- Born: 20 August 1794 Glasgow, Scotland
- Died: 27 April 1871 (aged 76)
- Education: Military Seminary at Addiscombe
- Occupation: engineer
- Years active: 1810–1839
- Known for: constructing canals in northern India
- Father: Thomas Colvin

= John Colvin (engineer) =

British engineer

Lieutenant-Colonel John Colvin (20 August 1794 – 27 April 1871) was a British engineer who served the East India Company in India, and who is mainly remembered for his role in constructing canals in northern India.

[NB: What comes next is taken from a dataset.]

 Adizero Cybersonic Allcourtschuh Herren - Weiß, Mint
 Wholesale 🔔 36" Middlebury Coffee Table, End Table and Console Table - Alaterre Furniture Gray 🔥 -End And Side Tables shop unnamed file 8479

Colvin was born in Glasgow, Scotland, the son of Thomas Colvin, a local merchant. He was one of the first cadets to pass through the East India Company's Military Seminary at Addiscombe, passing his final examination in December 1809; after which he was appointed to the Bengal Engineers in 1810. Over the following 27 years he was principally involved in the construction of canals in northern India. He established a reputation as a first class engineer and was appointed superintendent of canals in the Delhi area, and later referred to as the "Father of irrigation in northern India". Colvin became interested in the fossils found in the Siwalik Hills and gave several large donations to the Asiatic Society of Bengal's museum, as well as specimens to museums in Britain. Colvin returned to England in 1838 and married Josephine Puget Baker, the sister of his colleague and friend William Erskine Baker at Ludlow. He was appointed a Companion of the Order of the Bath (CB) in the 1838 Coronation Honours.

Colvin retired in 1839 and became involved in the work of the Ludlow Natural History Society and their museum, as well as serving on local committees, as a magistrate, and as a patron of local good causes such as education.